━━━━━ Extracted material

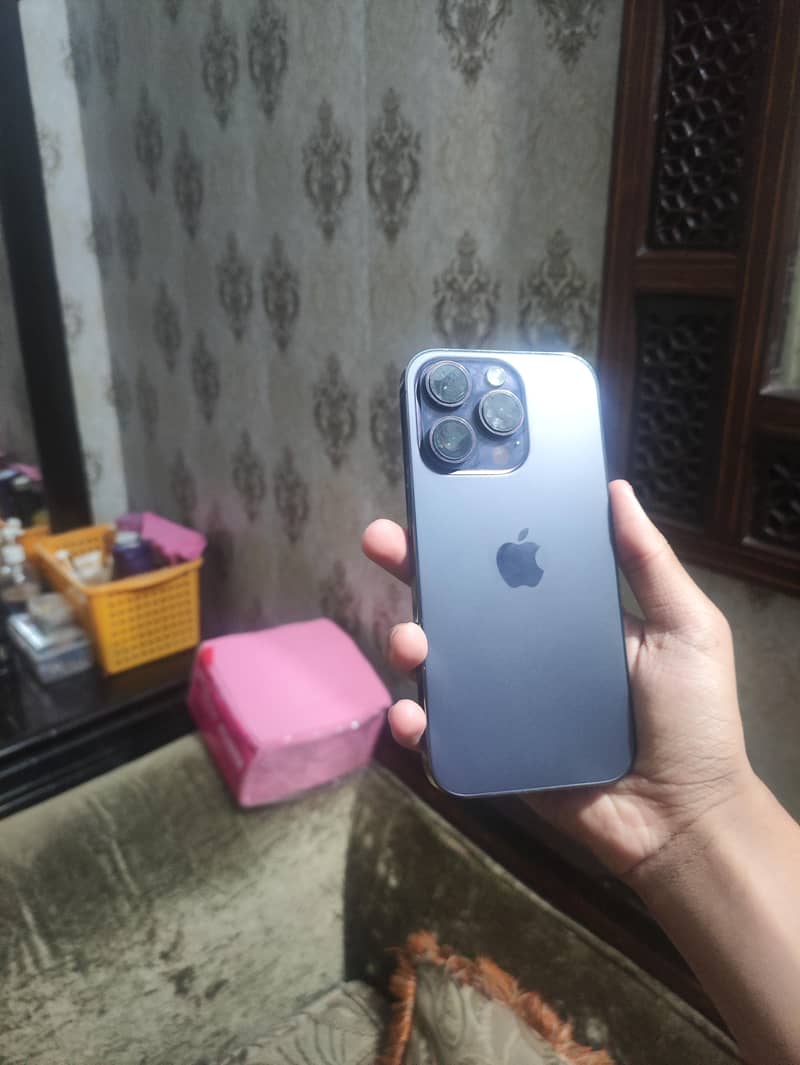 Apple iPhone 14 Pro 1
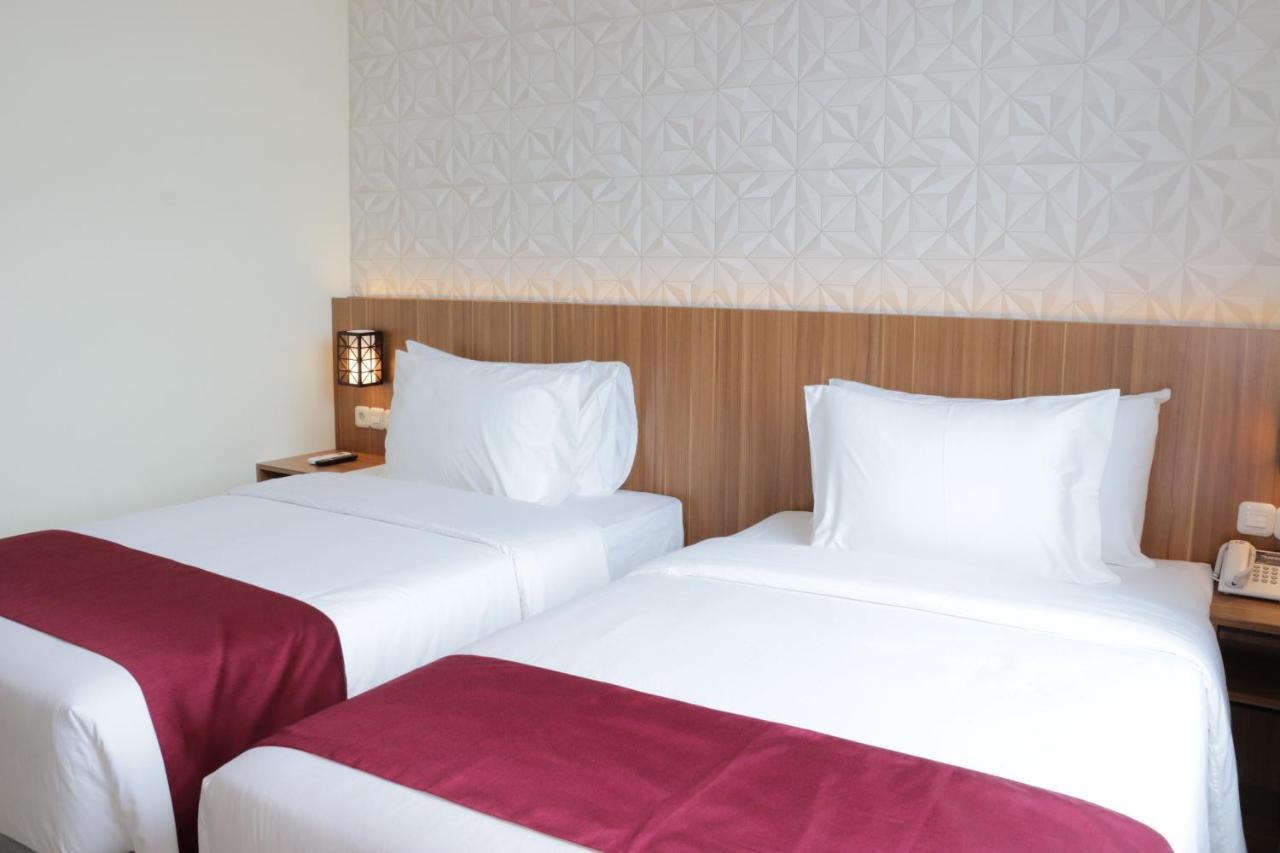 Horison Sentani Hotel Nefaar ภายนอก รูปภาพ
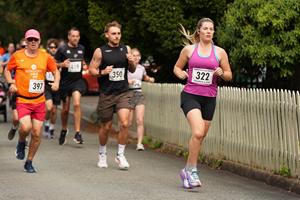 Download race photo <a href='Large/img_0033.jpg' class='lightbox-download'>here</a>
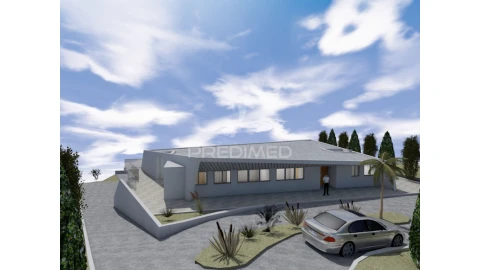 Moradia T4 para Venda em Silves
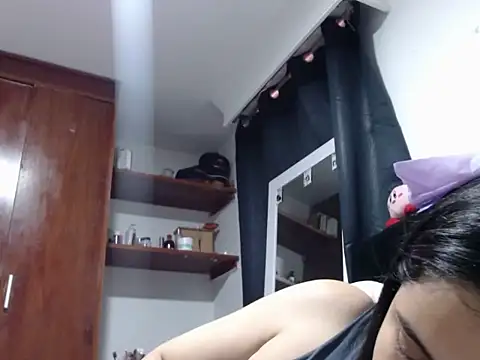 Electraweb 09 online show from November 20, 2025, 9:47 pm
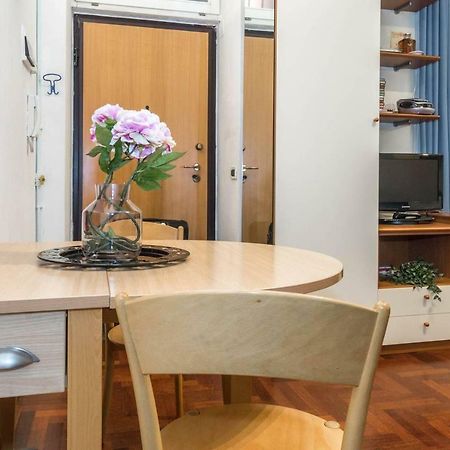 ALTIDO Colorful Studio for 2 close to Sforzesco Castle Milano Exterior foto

━━━━━━━━━━

Requirement — Please copy the data above character for character, skipping any pictures.

Task answer —
 Apple iPhone 14 Pro 1
 Horison Sentani Hotel Nefaar ภายนอก รูปภาพ
 Download race photo <a href='Large/img_0033.jpg' class='lightbox-download'>here</a>
 Moradia T4 para Venda em Silves
 Electraweb 09 online show from November 20, 2025, 9:47 pm
 ALTIDO Colorful Studio for 2 close to Sforzesco Castle Milano Exterior foto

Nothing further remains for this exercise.